Hey, Audible.com, do this and I wouldn't even take much in terms of royalties.
Playboy is really more a magazine.
Oh you.
I'd also like to make the point that modern novels are trash. The authors must get paid by the page or something, because they are mostly too long, with plots that wander around aimlessly. The word processor, I assume, has stripped away a lot of the discretion in authoring, just as the cell phone has rendered unnecessary prior planning for general life events.
My wife reads at least 1-2 books per day.
I think Steve is right on a lot of accounts. He's really a brilliant person to know what people want and don't want IMO. Thats not to say he never misses the mark every once in a while.
For personal reading: Just finishing The Egyptian, by Waltari.
I just finished Chaos, Making a New Science, by James Gleick.
I'm halfway through PHP and PostgreSQL 8, by Gilmore, Treat.
I'm at the end of One River, by Wade Davis.
I'm about to start Johnathan Strange & Mr.
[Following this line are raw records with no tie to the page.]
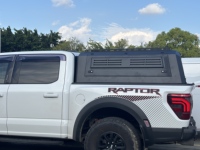 Capot rigide en aluminium étanche pour pick-up, fourni par l'usine, pour accessoires 4x4 Navara Ford F150 RAM Hilux Tacoma DMAX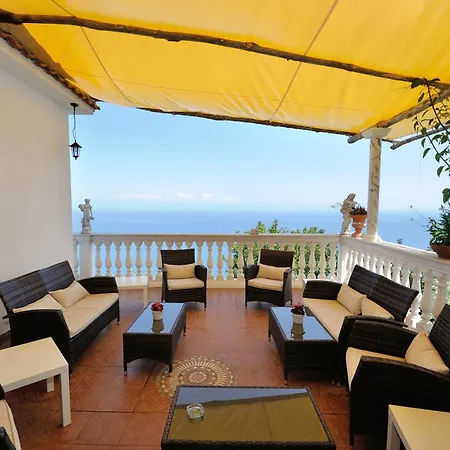 Bed & Breakfast H.h.le Palme Amalfi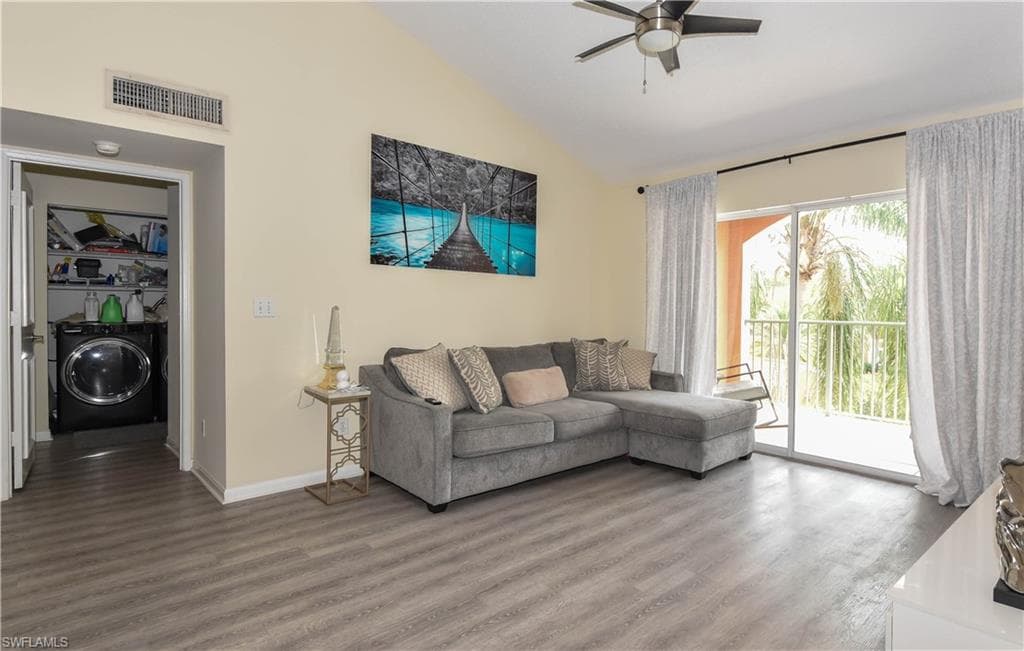 1275 Wildwood Lakes BLVD 303-14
Norrell, by Susanna Clarke.
I will also be reading Kushiel's Dart, by Jacqueline Carey.
For more serious refresher I've just cracked open, Godel, Escher, Bach: an Eternal Golden Braid, by Douglas R. Hofstadter.
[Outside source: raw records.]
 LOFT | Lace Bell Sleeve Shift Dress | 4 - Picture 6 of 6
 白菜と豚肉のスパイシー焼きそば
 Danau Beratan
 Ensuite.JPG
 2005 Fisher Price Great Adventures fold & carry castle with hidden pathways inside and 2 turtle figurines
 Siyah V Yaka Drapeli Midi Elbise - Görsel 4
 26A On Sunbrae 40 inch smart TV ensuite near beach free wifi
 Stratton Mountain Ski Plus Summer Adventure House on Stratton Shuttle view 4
I'm actually refreshing my core curriculum of my degrees: everything from Calculus I through PDE/ODE, to Tensor Calculus, through Mechanics, Thermo/Fluids, Machine Design, to C/C++/ObjC/ObjC++, State Machines, Algorithm Design and more.
Being divorced affords one time to refresh their years of toil they spent to get ahead in life.
Reading, as an activity, is far more prevalent now than it has ever been. And that will only increase.
Steve knows computers, but nothing else. Mr. "Cities will be redesigned for the Segway" should keep his prognostications to the world of simple, shiny consumer goods.
Steve knows computers, but nothing else. Mr. "Cities will be redesigned for the Segway" should keep his prognostications to the world of simple, shiny consumer goods.
His statement was so general, in a way, he was bound to be right on some level. Really though (I'd say) he said it as he was a friend of Woz, who was one of its engineers.